>>>>

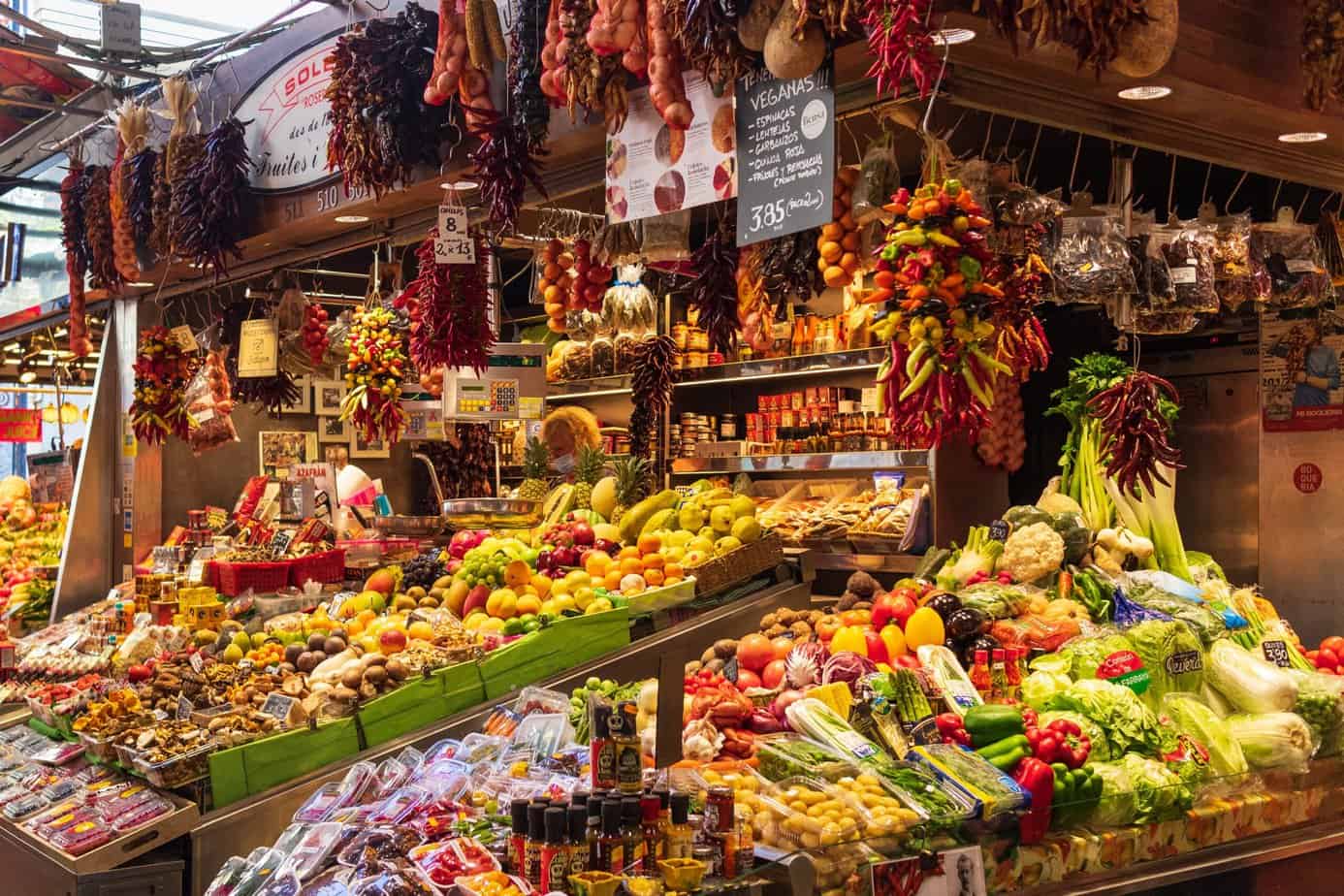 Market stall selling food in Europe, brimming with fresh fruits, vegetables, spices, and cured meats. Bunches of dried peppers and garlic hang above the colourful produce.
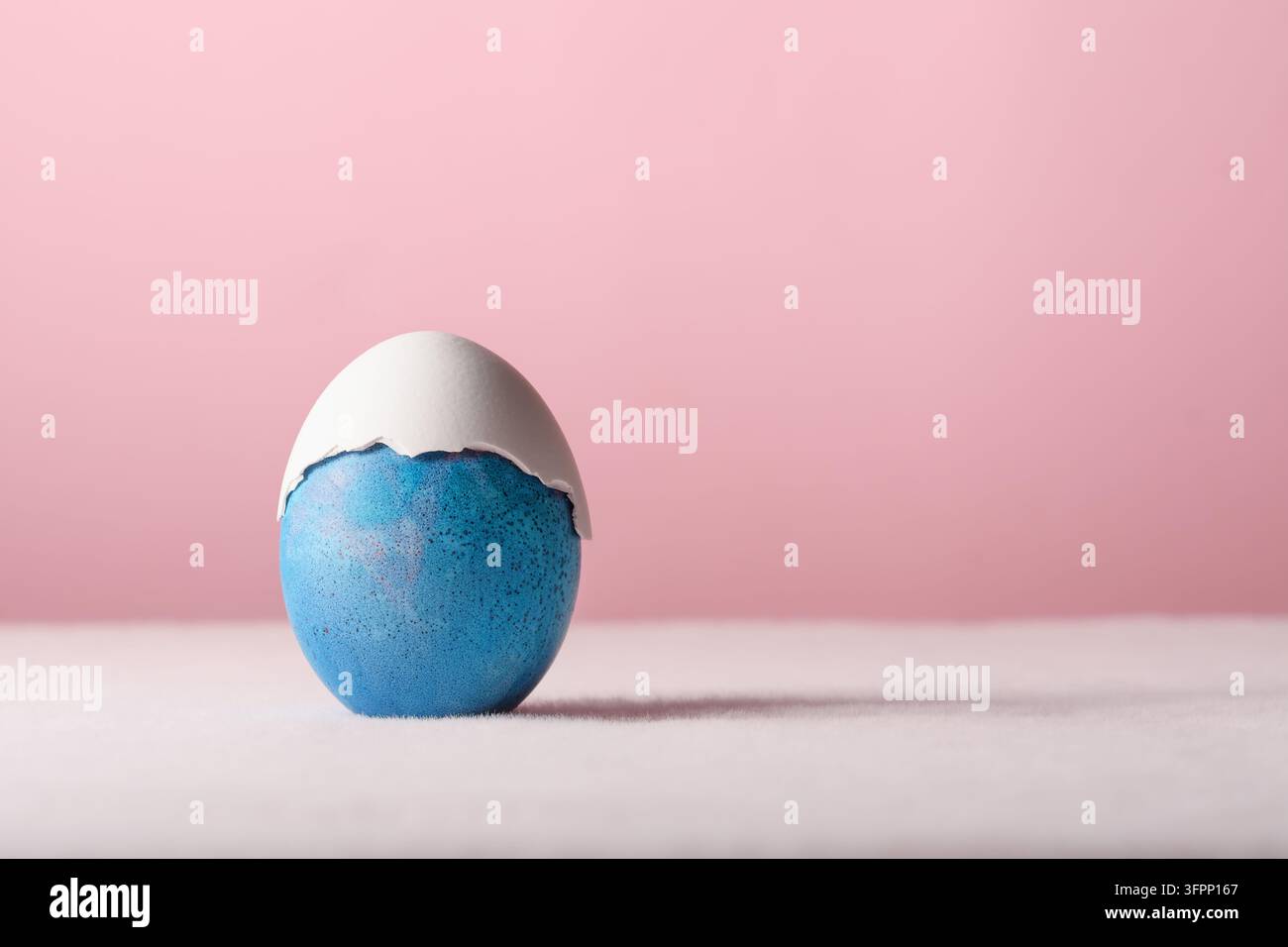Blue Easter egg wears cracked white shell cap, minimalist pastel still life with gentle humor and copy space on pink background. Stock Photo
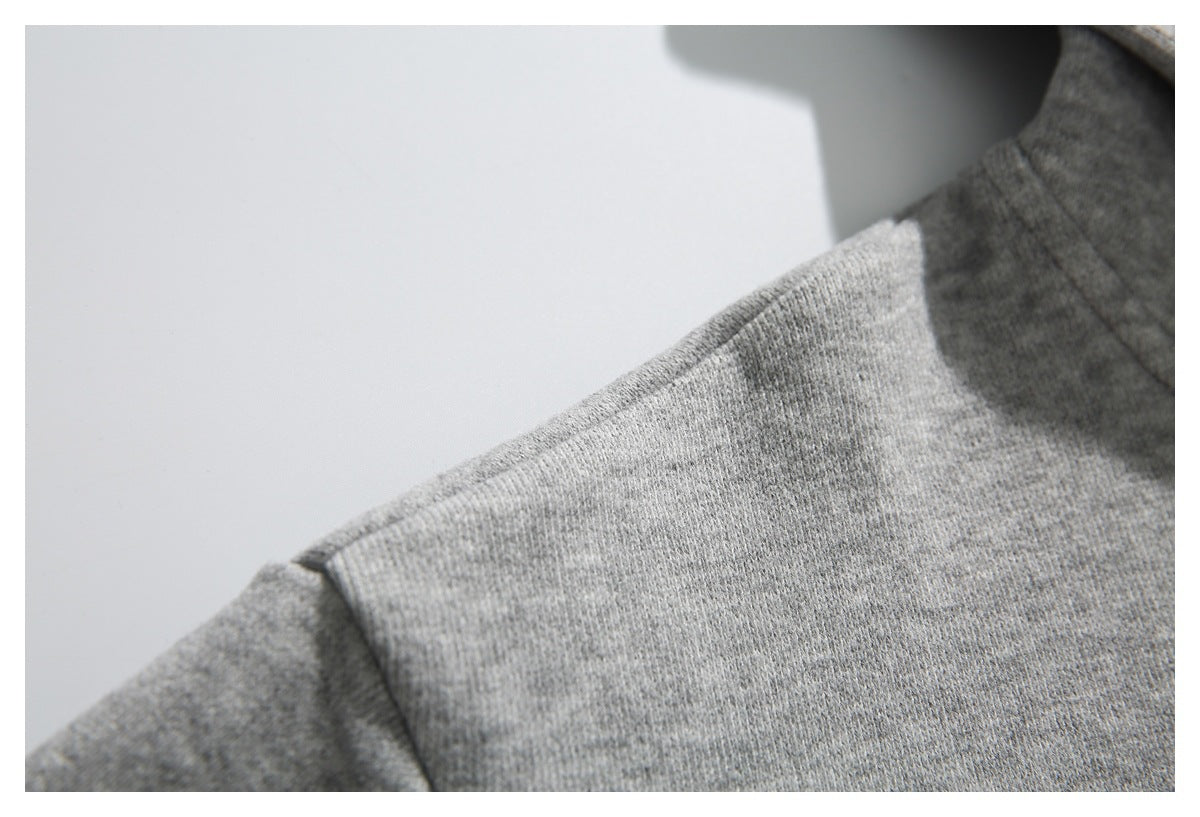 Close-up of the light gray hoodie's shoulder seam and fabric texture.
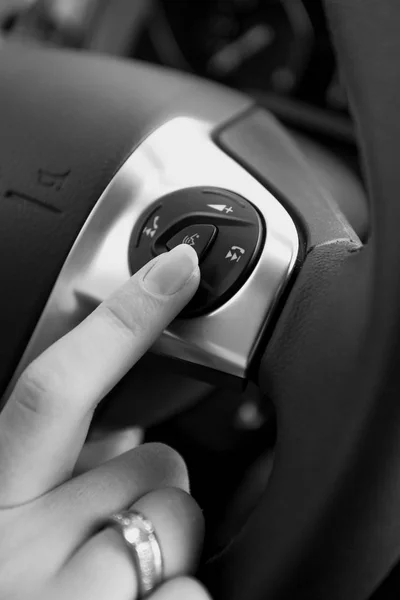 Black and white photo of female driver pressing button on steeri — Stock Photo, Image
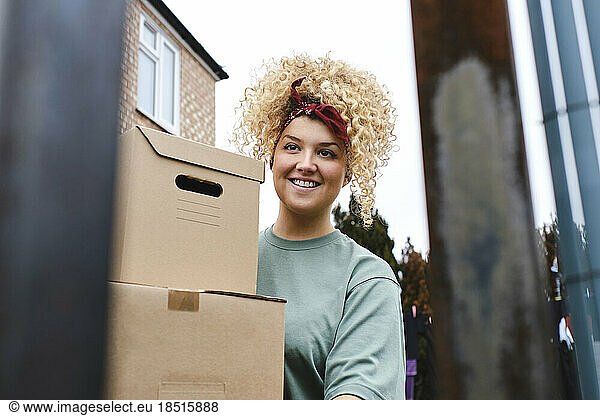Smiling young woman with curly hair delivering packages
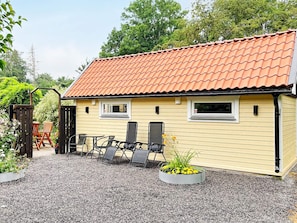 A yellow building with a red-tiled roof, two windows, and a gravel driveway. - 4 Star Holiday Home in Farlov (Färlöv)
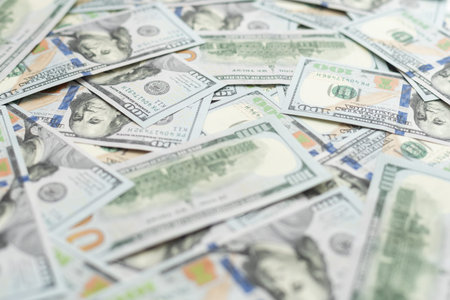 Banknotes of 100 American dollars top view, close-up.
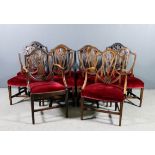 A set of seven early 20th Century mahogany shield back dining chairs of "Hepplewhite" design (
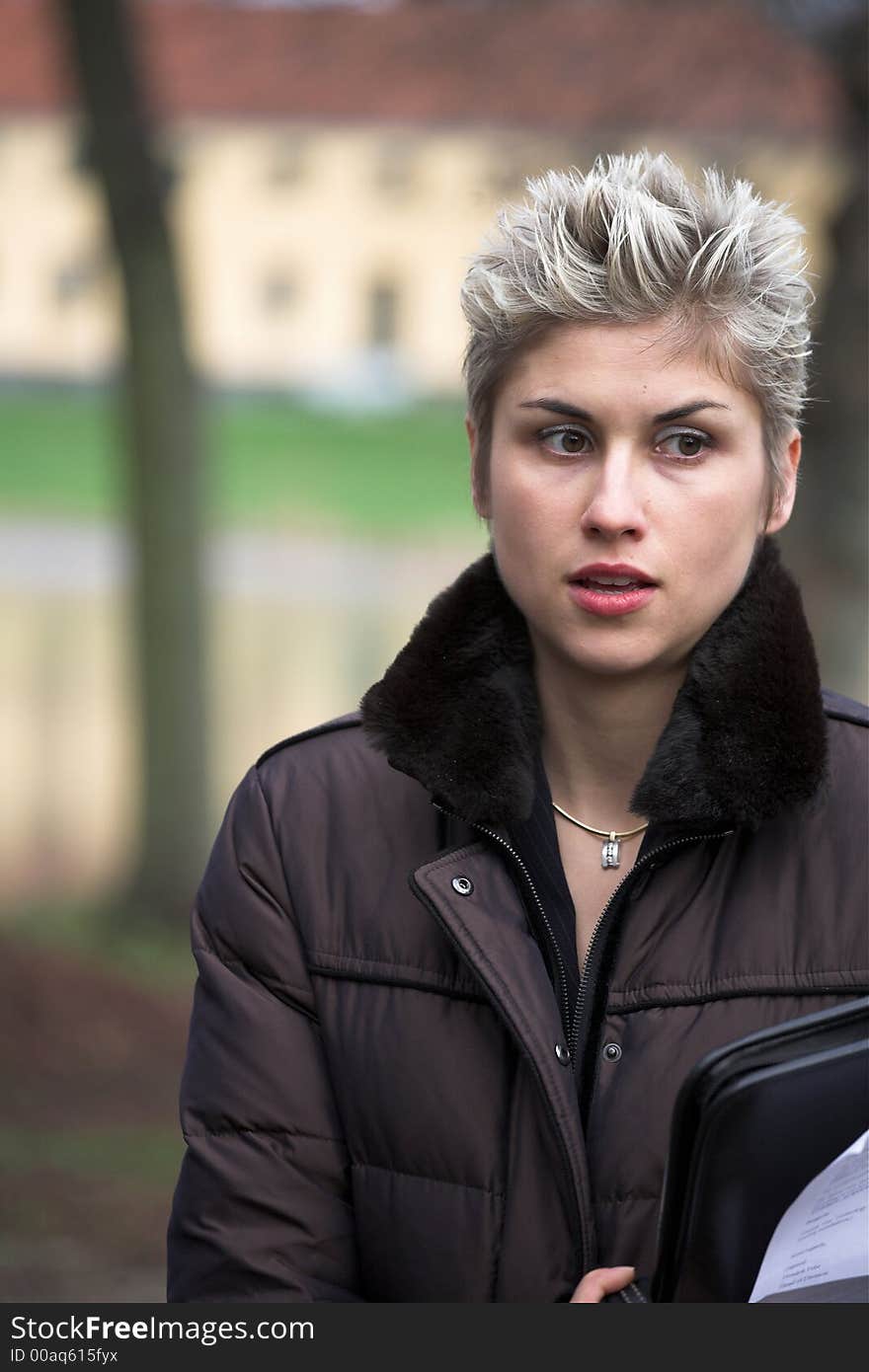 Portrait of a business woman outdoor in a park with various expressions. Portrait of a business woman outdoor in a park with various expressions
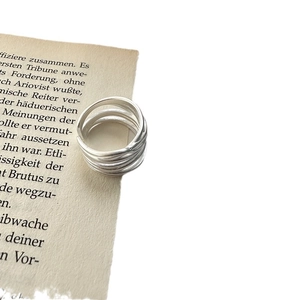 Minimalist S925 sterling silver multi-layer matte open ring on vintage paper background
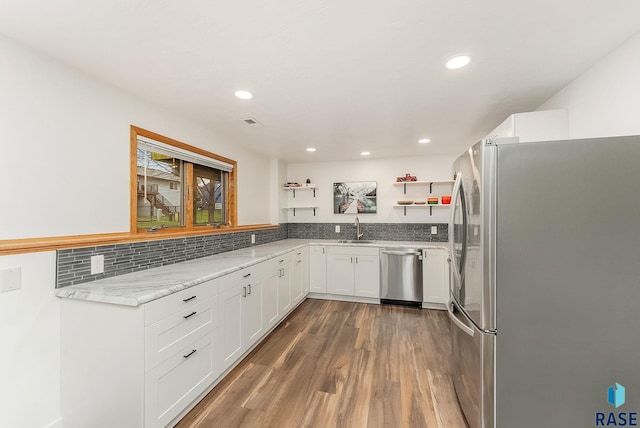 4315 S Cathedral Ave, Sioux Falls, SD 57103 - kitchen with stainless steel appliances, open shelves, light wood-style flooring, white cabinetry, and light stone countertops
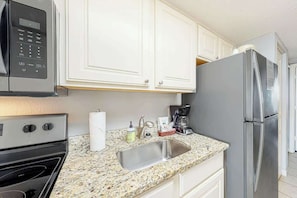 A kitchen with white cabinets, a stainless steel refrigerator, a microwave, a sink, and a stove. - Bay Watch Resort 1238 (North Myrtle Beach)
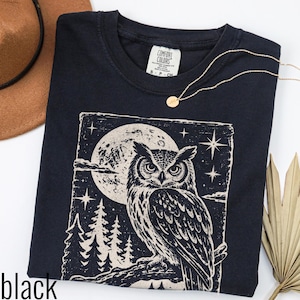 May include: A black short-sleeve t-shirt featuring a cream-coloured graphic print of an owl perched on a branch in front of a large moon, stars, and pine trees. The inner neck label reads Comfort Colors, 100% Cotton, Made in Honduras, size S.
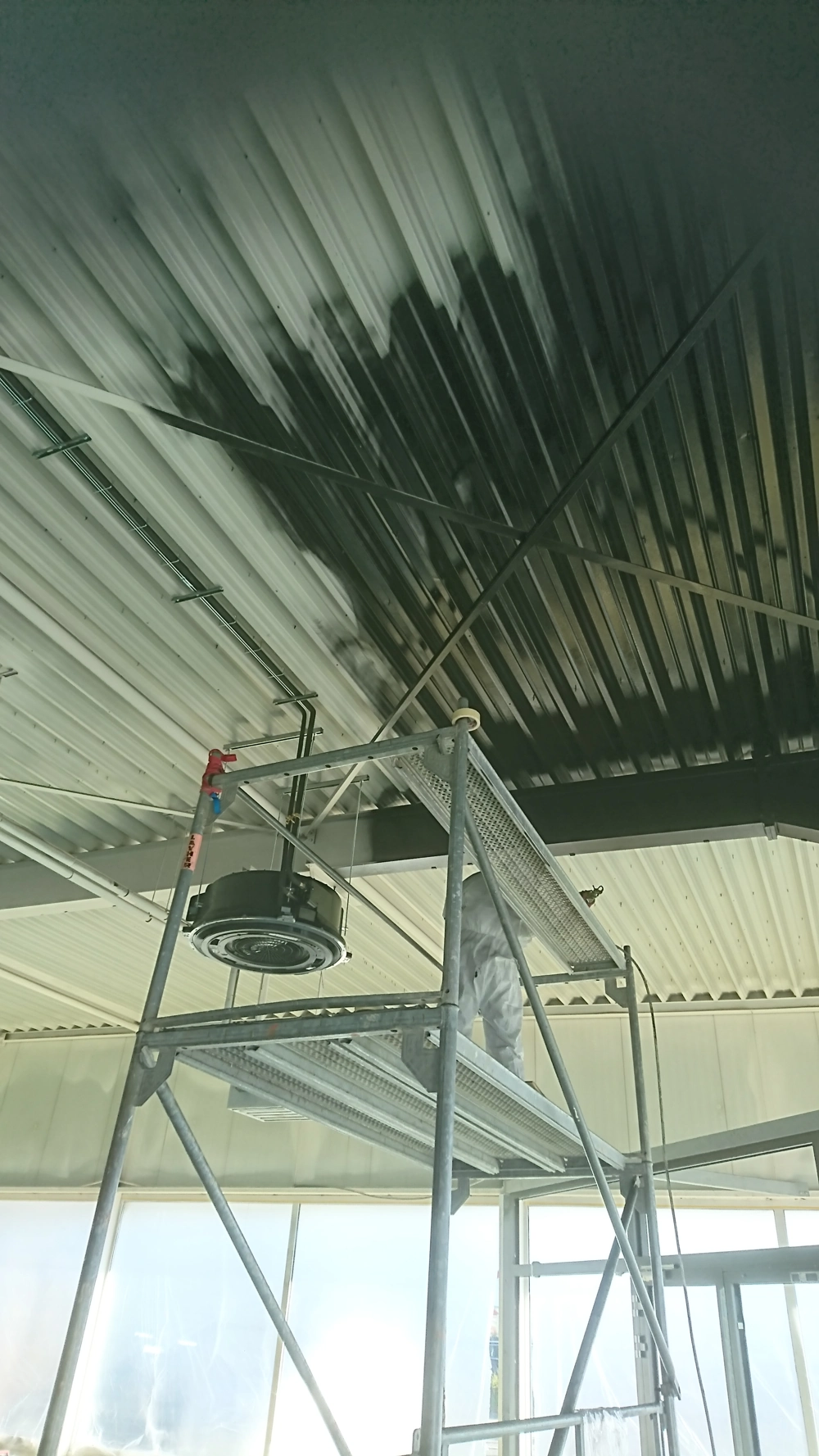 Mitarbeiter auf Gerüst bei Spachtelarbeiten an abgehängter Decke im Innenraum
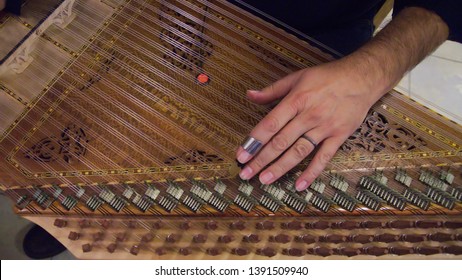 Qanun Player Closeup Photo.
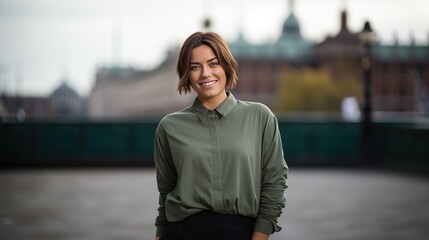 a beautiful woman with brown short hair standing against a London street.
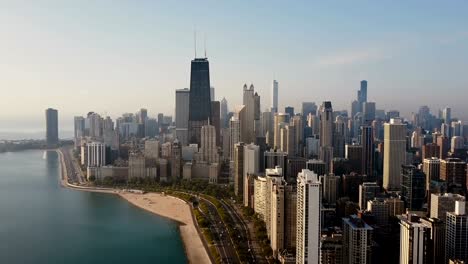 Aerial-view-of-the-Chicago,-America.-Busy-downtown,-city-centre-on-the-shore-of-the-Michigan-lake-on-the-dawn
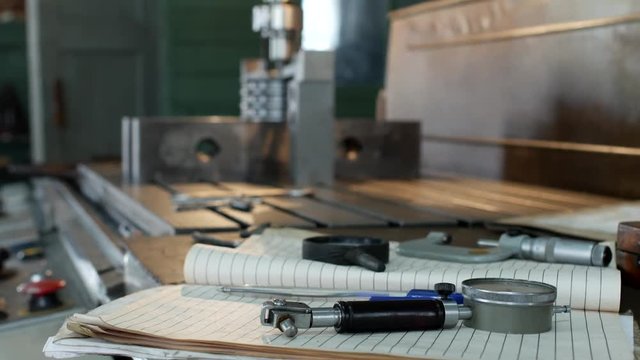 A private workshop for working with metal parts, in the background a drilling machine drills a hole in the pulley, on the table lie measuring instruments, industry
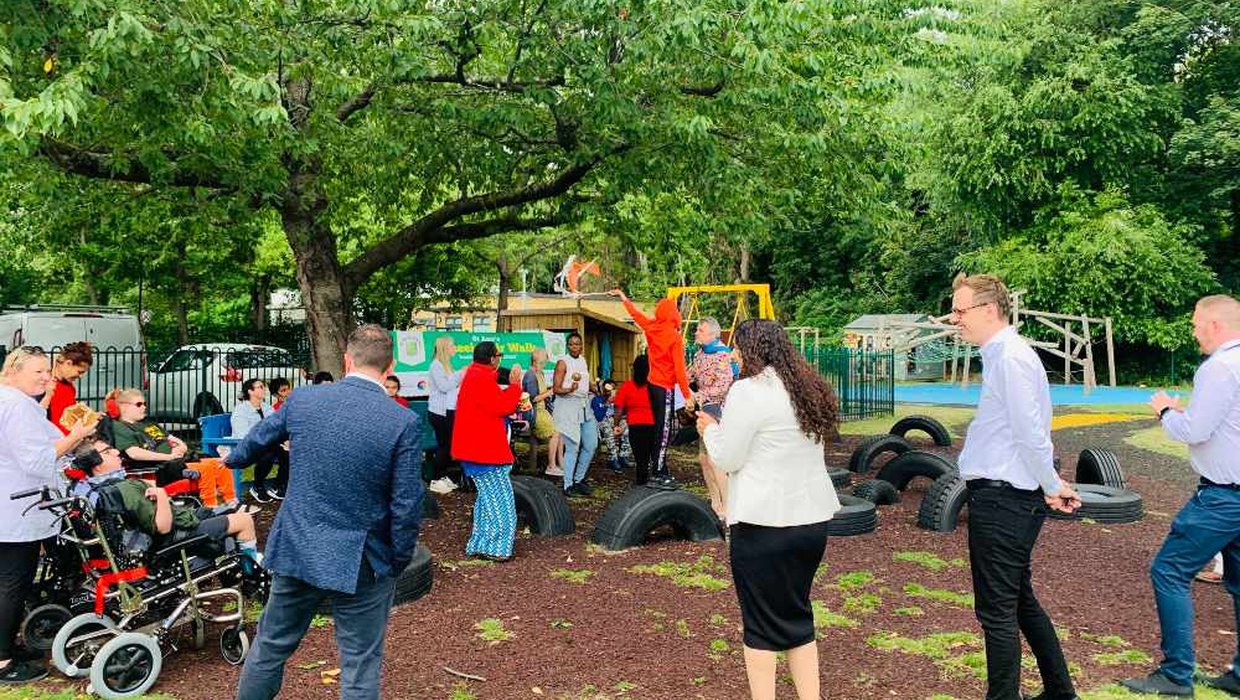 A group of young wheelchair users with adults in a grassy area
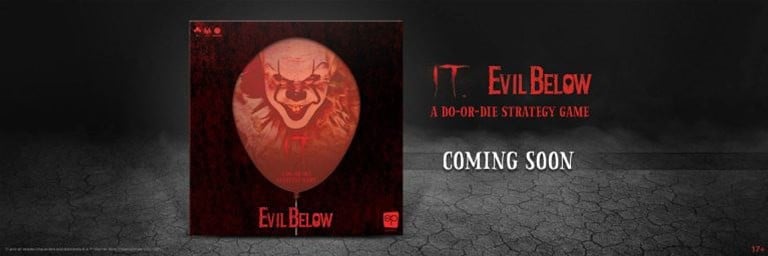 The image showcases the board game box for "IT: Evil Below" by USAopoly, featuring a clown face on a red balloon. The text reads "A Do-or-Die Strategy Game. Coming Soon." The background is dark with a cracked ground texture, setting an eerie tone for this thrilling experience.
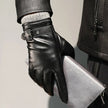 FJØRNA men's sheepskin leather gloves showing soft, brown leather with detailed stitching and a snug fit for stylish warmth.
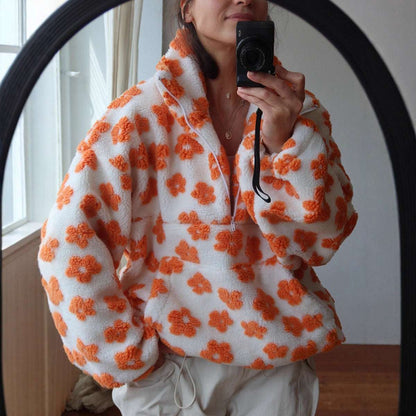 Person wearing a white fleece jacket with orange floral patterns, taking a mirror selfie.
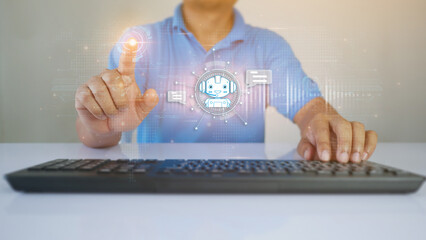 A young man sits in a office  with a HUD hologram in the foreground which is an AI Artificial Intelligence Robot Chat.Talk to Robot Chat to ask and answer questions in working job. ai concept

<<<<

◆ TASK BRIEF
Starting from the line with "a beautiful woman" in the records above, repeat each line exactly until you have written the line with "Person wearing a", then stop; drop the pictures.

◆ EXERCISE ANSWER
 a beautiful woman with brown short hair standing against a London street.
 Aerial-view-of-the-Chicago,-America.-Busy-downtown,-city-centre-on-the-shore-of-the-Michigan-lake-on-the-dawn
 A private workshop for working with metal parts, in the background a drilling machine drills a hole in the pulley, on the table lie measuring instruments, industry
 A group of young wheelchair users with adults in a grassy area
 The image showcases the board game box for "IT: Evil Below" by USAopoly, featuring a clown face on a red balloon. The text reads "A Do-or-Die Strategy Game. Coming Soon." The background is dark with a cracked ground texture, setting an eerie tone for this thrilling experience.
 FJØRNA men's sheepskin leather gloves showing soft, brown leather with detailed stitching and a snug fit for stylish warmth.
 Person wearing a white fleece jacket with orange floral patterns, taking a mirror selfie.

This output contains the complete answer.